Collect every line in the records below that contains the word "Case".

[Material for this exercise]

○ ○ ○ ○ ○ ○ ○

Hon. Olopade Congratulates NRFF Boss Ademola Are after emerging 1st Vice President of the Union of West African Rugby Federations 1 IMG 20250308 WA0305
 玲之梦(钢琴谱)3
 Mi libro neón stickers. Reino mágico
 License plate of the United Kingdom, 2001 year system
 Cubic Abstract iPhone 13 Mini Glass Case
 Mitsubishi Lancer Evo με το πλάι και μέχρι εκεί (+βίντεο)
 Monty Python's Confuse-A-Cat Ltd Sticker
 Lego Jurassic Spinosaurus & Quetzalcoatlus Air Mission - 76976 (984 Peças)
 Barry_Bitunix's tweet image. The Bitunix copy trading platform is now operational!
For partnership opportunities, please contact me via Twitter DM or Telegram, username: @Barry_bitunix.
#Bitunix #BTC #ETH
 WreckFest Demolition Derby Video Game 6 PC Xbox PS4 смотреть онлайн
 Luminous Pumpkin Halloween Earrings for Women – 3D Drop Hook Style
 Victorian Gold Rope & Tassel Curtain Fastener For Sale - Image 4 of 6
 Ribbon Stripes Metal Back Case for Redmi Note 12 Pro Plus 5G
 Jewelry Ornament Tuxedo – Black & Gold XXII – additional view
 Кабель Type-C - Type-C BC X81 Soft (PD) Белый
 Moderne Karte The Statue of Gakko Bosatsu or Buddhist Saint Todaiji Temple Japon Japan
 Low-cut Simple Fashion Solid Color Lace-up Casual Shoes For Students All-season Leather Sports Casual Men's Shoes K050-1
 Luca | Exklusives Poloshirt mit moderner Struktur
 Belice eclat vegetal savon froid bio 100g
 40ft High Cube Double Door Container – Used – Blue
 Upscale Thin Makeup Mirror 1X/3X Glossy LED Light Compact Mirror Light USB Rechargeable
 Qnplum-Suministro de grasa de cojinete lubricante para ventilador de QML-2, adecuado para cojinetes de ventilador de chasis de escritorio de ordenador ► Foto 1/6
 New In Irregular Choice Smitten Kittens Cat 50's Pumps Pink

○ ○ ○ ○ ○ ○ ○

[Task output]
 Cubic Abstract iPhone 13 Mini Glass Case
 Ribbon Stripes Metal Back Case for Redmi Note 12 Pro Plus 5G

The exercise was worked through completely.